## [WHAT YOU NEED TO DO]
May I have the lines from the one containing "Used 2022 Chevrolet" to the end of the entries, returned exactly and with nothing else?

## [RECORDS PROVIDED]
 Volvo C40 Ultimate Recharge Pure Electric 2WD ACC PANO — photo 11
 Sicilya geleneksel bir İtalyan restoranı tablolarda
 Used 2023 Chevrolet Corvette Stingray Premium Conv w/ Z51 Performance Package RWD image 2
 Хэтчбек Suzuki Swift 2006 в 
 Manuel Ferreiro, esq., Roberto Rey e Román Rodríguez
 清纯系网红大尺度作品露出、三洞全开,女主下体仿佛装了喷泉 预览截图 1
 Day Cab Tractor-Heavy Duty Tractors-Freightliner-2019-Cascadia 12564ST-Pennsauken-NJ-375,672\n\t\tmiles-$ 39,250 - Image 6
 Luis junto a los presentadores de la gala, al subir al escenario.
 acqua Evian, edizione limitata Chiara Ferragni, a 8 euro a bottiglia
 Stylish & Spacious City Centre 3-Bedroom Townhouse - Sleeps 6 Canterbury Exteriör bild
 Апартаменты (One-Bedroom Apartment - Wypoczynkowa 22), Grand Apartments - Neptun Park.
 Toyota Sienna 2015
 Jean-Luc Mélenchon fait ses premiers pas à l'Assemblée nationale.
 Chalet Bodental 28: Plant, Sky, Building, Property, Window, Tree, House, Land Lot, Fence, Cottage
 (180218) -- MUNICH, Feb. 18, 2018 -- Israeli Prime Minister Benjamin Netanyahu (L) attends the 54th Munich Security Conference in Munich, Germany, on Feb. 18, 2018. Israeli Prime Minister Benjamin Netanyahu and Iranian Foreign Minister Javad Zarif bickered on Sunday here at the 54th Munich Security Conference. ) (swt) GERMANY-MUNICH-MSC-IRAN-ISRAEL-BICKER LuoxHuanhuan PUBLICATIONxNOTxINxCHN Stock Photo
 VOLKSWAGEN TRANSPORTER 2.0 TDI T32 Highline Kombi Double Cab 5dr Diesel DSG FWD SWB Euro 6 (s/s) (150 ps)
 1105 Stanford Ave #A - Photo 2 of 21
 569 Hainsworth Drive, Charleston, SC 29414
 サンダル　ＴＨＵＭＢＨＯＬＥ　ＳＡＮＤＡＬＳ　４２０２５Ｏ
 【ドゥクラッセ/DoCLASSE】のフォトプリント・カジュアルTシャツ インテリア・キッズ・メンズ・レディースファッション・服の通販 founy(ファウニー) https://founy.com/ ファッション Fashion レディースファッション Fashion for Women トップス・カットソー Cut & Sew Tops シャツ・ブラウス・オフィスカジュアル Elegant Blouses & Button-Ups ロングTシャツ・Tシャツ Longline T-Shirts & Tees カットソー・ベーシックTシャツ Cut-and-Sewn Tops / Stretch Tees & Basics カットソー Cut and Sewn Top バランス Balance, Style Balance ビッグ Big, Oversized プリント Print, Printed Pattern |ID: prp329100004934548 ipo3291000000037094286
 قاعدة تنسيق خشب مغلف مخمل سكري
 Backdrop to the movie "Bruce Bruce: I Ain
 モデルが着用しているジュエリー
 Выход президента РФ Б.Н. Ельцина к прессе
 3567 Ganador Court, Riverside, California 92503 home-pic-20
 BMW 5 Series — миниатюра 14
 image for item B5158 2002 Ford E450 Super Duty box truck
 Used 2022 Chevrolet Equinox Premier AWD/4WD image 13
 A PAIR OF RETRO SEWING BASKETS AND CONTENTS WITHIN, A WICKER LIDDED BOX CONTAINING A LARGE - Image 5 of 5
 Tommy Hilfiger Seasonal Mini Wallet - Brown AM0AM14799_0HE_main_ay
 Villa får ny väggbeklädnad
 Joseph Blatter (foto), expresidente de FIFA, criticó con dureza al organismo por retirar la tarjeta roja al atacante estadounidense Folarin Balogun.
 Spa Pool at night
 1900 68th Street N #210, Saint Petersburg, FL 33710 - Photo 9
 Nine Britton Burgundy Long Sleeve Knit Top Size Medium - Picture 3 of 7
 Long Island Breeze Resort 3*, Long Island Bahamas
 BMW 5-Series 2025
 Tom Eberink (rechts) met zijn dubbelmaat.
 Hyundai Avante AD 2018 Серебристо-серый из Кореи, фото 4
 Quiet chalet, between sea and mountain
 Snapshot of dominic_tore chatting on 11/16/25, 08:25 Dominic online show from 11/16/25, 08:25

## [WRITTEN RESPONSE]
 Used 2022 Chevrolet Equinox Premier AWD/4WD image 13
 A PAIR OF RETRO SEWING BASKETS AND CONTENTS WITHIN, A WICKER LIDDED BOX CONTAINING A LARGE - Image 5 of 5
 Tommy Hilfiger Seasonal Mini Wallet - Brown AM0AM14799_0HE_main_ay
 Villa får ny väggbeklädnad
 Joseph Blatter (foto), expresidente de FIFA, criticó con dureza al organismo por retirar la tarjeta roja al atacante estadounidense Folarin Balogun.
 Spa Pool at night
 1900 68th Street N #210, Saint Petersburg, FL 33710 - Photo 9
 Nine Britton Burgundy Long Sleeve Knit Top Size Medium - Picture 3 of 7
 Long Island Breeze Resort 3*, Long Island Bahamas
 BMW 5-Series 2025
 Tom Eberink (rechts) met zijn dubbelmaat.
 Hyundai Avante AD 2018 Серебристо-серый из Кореи, фото 4
 Quiet chalet, between sea and mountain
 Snapshot of dominic_tore chatting on 11/16/25, 08:25 Dominic online show from 11/16/25, 08:25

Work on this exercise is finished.